Nice. Have an '07 6.0 myself; looking forward to seeing more of your build.


----------



## bradknob (Oct 26, 2009)

Mmmmm, stage 4 goodness. I'm in


----------



## Extended Power (Jun 8, 2014)

Audiophilefred said:


> I wish ford had stayed with the 7.3 powerstroke instead of that ****ty 6.0


....here's my ****ty 6.0L











OP, sorry for the derail.


----------



## pjc (May 3, 2009)

^^^ no apologies needed. I have no problems with other Super Duty pics and garages being posted. 
That's cool how Ford changed up the underhood from my 7.3 to your 6.0 .


----------



## pjc (May 3, 2009)

Extended Power said:


> ....here's my ****ty 6.0L
> 
> 
> 
> ...


And where is your build log?! U need one. I just looked through the thread you have about sound deadening. Your amp rack is nice!


----------



## Extended Power (Jun 8, 2014)

pjc said:


> ^^^ no apologies needed. I have no problems with other Super Duty pics and garages being posted.
> That's cool how Ford changed up the underhood from my 7.3 to your 6.0 .


Haha...not much is Ford under my hood anymore.
This picture was of my last set of compound turbo setup that I built myself. I did have a professional welder do the aluminum welding on the intake manifold though, as it's totally different now. (Comes in from the front instead of on top.)



pjc said:


> And where is your build log?! U need one. I just looked through the thread you have about sound deadening. Your amp rack is nice!

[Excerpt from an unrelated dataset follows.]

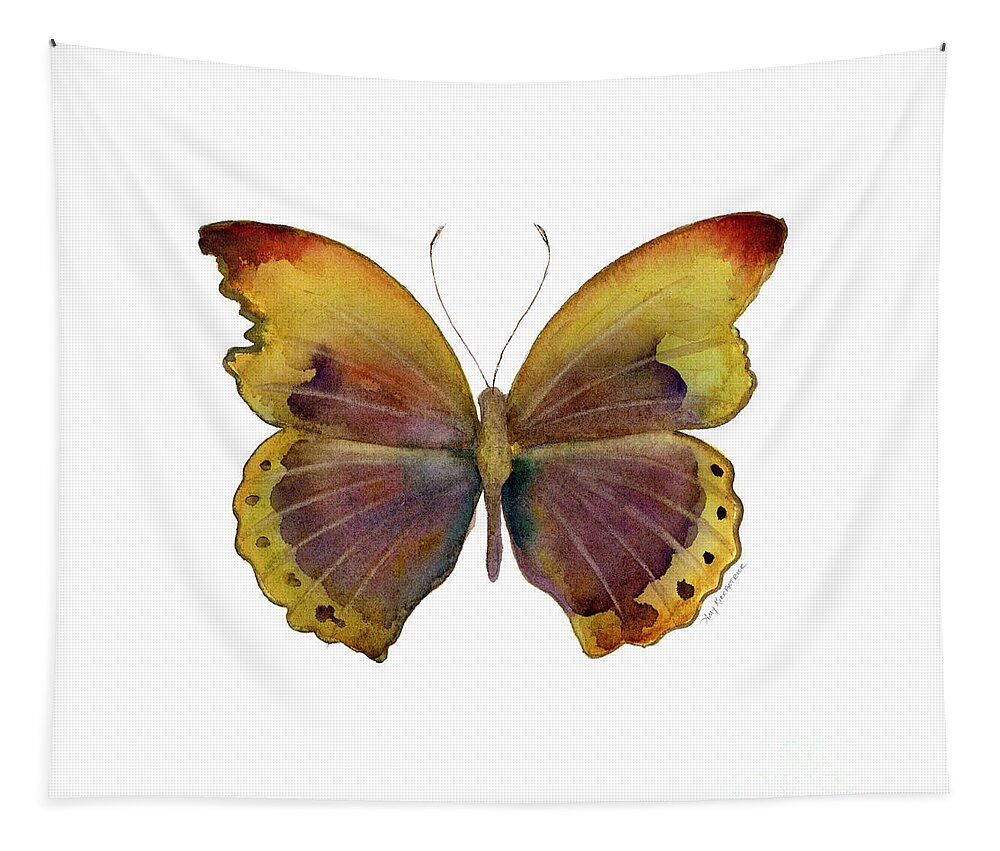 Gold Banded Glider Butterfly Tapestry featuring the painting 84 Gold-Banded Glider Butterfly by Amy Kirkpatrick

Just got the rack installed about half an hour ago.
The pictures suck because of ****ty lighting, and the blue doesn't seem to show up like it does in person.










Shoulda changed the rug, but I'm pretty tired of working on it right now, and probably won't see a bit of it when the buckets go back in, and the seat belts are put back in.


----------



## pjc (May 3, 2009)

That's clean. I think I can visualize what I want. Hope there's room for it.


----------



## chithead (Mar 19, 2008)




----------



## win1 (Sep 27, 2008)

Nice very nice


----------



## WhereAmEye? (Jun 17, 2013)

Can't wait yo, should be awesome


----------



## mooch91 (Apr 6, 2008)

pjc said:


> ^^^ no apologies needed. I have no problems with other Super Duty pics and garages being posted.

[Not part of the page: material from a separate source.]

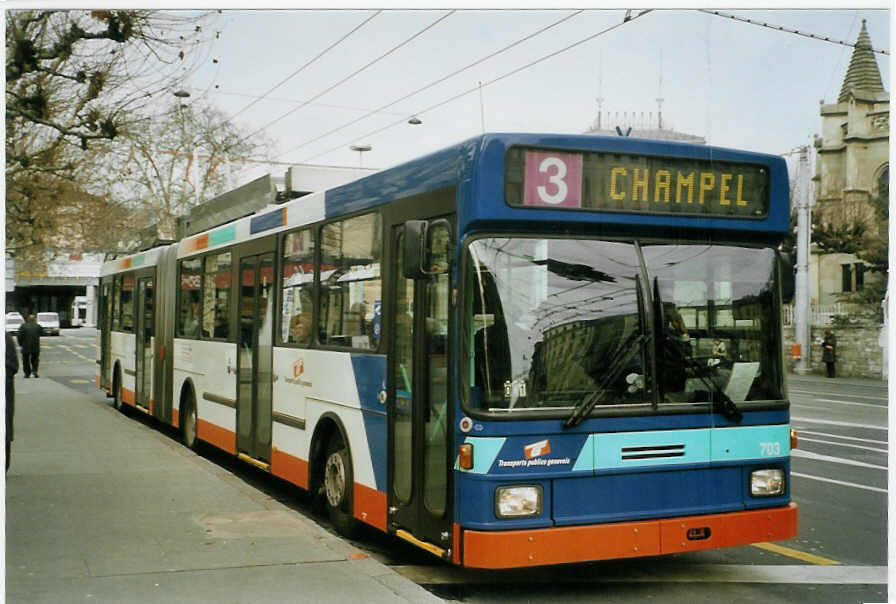 (083'421) - TPG Gen�ve - Nr. 703 - NAW/Hess Gelenktrolleybus am 6. M�rz 2006 in Gen�ve, 22-Cantons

My Super Duty for your thread:
[









Re-posting my build log soon.


----------



## pjc (May 3, 2009)

^^^ link your build log on link on s you repost it. So if someone wants to search build logs in trucks like ours they can be found. 
Good looking truck.


----------



## pjc (May 3, 2009)

No progress on the truck but getting the shop set up exactly how I want it. Dust collection, air lines, lumber racks, etc. 
My 4 yo said he wanted a desk in "our" shop so I gave him one. And went with a yellow stain. It's hard to see in the pics but you can still see the grain pretty good. I like it. It's different. Then I gave the cabinets 2 good costs of laquer. The doors and drawer fronts will be made soon. The top of the desk is bedliner that's been sanded fairly smooth. It will do. The stereo in the shop is also getting worked on as well as a new mobile miter saw stand. And there are other storage cabinets being built. 
Oh... The truck is getting a TS Performance 6 position chip and new intake. And exhaust will get ordered next week. 

Here ya go:


----------



## chithead (Mar 19, 2008)

Very nice work there head Honcho!


----------



## backpachyderm (Dec 17, 2010)

Get to work so I can blatantly steal some ideas!


----------



## Coppertone (Oct 4, 2011)

^^^^, lol...


----------



## pjc (May 3, 2009)

Man you might be waiting a while to steal ideas lol. My business has gotten pretty busy lately. I'm trying to get this going ha.


----------



## Victor_inox (Apr 27, 2012)

Awesome, just awesome!


----------



## captainobvious (Mar 11, 2006)

Excellent job on the amp rack/backboard. Can you post a few more pics of it with some closer shots? I'm digging the copper pieces used for power/speaker connections.


----------



## ImK'ed (Aug 12, 2013)

That garage is just WHOA, coming from someone who lives in uk with cold and rain and works on his driveway.


----------



## ptaudio415 (Dec 30, 2013)

I cant wait for pics. Good to see the older super dutys are getting some love lol. Just got mine in October. 04 4x4 6.0. Just put in my pioneer deh-80prs and i love that head unit.. Keep it coming


----------



## pjc (May 3, 2009)

This is why I created the build log... Motivation ha. My business is holding me back from my audio dreams but providing in many other ways. Dang priorities ha.


----------



## SouthSyde (Dec 25, 2006)

Get er done by the CS show PJ!! You can do it!


----------



## pjc (May 3, 2009)

SouthSyde said:


> Get er done by the CS show PJ!! You can do it!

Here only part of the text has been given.